Reimbursement Policy:
Clinical Trials Support Program

Effective Date:
September 24, 2018

Purpose:
To more clearly define the parameters of Horizon BCBSNJ’s Clinical Trials Support Programs (CTSP), including outlining how trials are selected, how the reimbursement of services under the CTSP are determined, and what specific services are eligible for reimbursement.

Scope:
All products are included, except

  • Products where Horizon BCBSNJ is secondary to Medicare (e.g. Medigap).
  • COB

All Insured plans/products are included in the scope of this policy. Administrative Services Only (ASO) accounts can opt-in.

Policy:
In recognition of medical technology’s evolving knowledge-base and to promote the further accumulation of scientific evidence through well-designed clinical trials, Horizon BCBSNJ has developed the Clinical Trials Support Program (CTSP). A Horizon member’s medical circumstances and treatment, which may be outside of current medical policy and the medical necessity criteria included therein, may be eligible for coverage under the CTSP program, if all of the requirements listed below are satisfied:

  1. The provider must be located in the New Jersey geographic area.
  2. Cancer-related treatments are performed at an NCI-designated Comprehensive Cancer Center.
  3. Horizon members must be afforded a consultation with a participating physician in the corresponding specialty; that physician reviews all treatment alternatives with the member and offers treatment with alternate techniques that make up the accepted standard of care in the community.
  4. Any facility’s clinical trial study program being considered for participation by the member must comply with the following research requirements:
  1. The primary purpose of the study is to investigate the comparative effectiveness of the new treatment versus current standard techniques that do not employ the new treatment. (Registry studies will not answer questions regarding appropriateness/advantages/benefits of new treatments in comparison with community standard accepted techniques).
  2. The study is registered with the appropriate national organization (e.g., clinicaltrials.gov) in order to ensure transparency of enrollment criteria and outcomes.
  3. The study is led by a nationally-recognized academic center or a government institution, such as the NCI, with the knowledge and experience to execute the study.
  4. The study operates in compliance with federal regulations relating to the protection of human subjects.
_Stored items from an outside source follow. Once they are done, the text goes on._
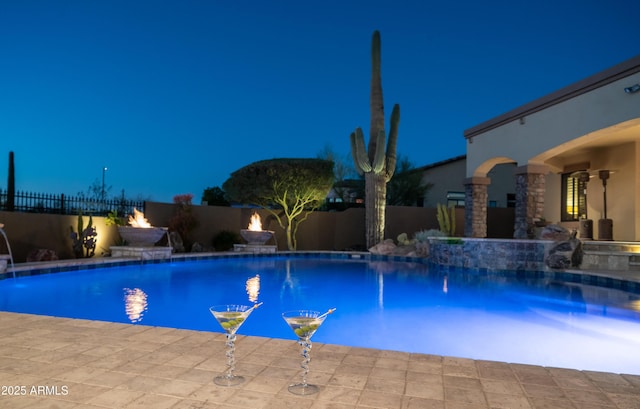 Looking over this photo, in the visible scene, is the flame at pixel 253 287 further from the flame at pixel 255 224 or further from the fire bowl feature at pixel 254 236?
the flame at pixel 255 224

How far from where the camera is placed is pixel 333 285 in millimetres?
9430

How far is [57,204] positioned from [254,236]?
6156 mm

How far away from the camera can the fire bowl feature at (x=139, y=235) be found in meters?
12.2

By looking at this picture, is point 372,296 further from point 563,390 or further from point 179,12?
point 179,12

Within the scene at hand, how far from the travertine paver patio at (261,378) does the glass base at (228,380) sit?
40mm

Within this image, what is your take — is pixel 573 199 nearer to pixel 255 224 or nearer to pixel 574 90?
pixel 574 90

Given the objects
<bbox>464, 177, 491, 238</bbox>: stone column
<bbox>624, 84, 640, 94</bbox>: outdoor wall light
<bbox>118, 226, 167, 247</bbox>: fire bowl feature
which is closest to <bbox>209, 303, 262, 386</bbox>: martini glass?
<bbox>624, 84, 640, 94</bbox>: outdoor wall light

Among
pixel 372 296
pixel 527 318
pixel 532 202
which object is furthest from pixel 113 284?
pixel 532 202

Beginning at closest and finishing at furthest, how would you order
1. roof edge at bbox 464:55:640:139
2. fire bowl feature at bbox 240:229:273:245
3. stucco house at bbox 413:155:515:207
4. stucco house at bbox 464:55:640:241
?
roof edge at bbox 464:55:640:139
stucco house at bbox 464:55:640:241
fire bowl feature at bbox 240:229:273:245
stucco house at bbox 413:155:515:207

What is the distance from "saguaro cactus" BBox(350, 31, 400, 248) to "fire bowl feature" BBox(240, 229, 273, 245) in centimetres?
392

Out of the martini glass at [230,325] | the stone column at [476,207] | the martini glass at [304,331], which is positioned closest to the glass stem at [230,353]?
the martini glass at [230,325]

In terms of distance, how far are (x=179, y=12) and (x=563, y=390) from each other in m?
25.0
The study occurs within a setting in which there is a pre-specified process for gathering additional data, and in which that process provides additional protections and safety measures for an individual study participant and has been approved by the facility’s institutional review board (IRB).

Procedure:
Horizon BCBSNJ shall only consider treatment outside of current medical policy criteria under a CTSP program if all of the requirements listed above have been satisfied. Specific CTSP program details may be found on Horizon BCBSNJ’s website.
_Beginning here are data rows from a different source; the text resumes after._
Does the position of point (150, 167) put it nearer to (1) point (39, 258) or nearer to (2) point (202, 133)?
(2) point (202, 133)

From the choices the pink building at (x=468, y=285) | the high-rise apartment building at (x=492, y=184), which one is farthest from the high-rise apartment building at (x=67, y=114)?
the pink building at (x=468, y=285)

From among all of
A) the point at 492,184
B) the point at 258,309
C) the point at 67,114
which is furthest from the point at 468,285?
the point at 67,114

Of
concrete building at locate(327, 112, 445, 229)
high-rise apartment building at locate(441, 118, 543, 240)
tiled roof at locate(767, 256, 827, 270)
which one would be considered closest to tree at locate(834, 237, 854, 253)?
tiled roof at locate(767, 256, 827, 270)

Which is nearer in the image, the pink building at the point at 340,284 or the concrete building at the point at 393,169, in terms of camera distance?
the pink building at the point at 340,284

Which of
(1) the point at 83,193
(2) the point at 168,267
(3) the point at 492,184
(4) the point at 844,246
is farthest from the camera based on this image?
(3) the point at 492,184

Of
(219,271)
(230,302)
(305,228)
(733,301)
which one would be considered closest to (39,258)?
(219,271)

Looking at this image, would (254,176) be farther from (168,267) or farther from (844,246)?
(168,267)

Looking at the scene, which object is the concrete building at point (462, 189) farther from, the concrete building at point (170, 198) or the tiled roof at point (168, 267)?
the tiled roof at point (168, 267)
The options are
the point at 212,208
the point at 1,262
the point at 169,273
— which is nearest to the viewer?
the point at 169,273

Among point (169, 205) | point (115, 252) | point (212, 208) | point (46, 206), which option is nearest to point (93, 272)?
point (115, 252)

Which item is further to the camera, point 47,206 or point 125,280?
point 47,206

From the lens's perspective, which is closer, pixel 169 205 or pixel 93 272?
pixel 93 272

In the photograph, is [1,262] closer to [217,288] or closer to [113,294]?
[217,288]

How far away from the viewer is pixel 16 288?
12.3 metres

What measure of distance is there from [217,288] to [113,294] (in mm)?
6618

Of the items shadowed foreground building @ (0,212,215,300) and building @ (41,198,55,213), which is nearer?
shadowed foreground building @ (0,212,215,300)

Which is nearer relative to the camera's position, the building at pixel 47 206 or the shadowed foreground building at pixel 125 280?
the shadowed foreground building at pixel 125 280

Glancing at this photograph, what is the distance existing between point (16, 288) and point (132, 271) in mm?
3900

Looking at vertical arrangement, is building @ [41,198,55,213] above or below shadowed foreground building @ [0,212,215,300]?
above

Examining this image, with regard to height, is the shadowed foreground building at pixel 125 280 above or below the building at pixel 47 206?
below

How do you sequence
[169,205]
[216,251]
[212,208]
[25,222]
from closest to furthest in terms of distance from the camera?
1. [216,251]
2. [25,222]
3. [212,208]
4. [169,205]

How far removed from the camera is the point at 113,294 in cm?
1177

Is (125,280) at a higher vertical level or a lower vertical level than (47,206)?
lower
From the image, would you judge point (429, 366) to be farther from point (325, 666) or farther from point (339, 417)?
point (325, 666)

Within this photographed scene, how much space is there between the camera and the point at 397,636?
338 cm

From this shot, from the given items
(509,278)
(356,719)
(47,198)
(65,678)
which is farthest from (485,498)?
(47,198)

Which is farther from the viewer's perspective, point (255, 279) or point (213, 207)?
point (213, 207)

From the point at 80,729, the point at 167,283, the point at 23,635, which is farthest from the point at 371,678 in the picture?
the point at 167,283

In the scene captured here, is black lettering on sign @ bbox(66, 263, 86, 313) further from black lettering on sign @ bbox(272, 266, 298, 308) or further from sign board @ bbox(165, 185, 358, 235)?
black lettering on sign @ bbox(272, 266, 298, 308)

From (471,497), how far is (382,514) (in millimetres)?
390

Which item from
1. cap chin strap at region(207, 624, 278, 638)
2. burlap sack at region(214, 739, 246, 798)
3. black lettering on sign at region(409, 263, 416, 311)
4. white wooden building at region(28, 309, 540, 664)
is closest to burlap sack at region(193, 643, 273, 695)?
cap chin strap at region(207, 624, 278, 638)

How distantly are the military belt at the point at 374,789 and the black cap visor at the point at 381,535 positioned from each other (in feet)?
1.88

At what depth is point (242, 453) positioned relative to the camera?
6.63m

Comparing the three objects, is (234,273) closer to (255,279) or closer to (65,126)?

Horizon BCBSNJ shall have absolute discretion is determining whether any specific clinical trial study program will be approved for inclusion under the CTSP and the parameters of coverage that Horizon BCBSNJ affords any study participants in any trials approved for inclusion within the CTSP. Coverage afforded an approved program under the CTSP may include not only the “routine patient costs” as defined under the ACA mandate, but also the cost of the treatment or investigational item involved in the clinical trial. Further, Horizon BCBSNJ’s coverage may be withdrawn at any time for any clinical trial study program’s material failure to comply with any of Horizon BCBSNJ's requests for this information or upon Horizon BCBSNJ's evaluation and finding that demonstration of treatment effectiveness is absent or inadequate to support continued coverage.

All other coverage is subject to the terms and conditions of the members Benefit Plan.

Limitations and Exclusions:
While reimbursement is considered, payment determination is subject to, but not limited to:

  • Group or Individual benefit
  • Provider Participation Agreement
  • Routine claim editing logic, including but not limited to incidental or mutually exclusive logic, and medical necessity
  • Mandated or legislative required criteria will always supersede.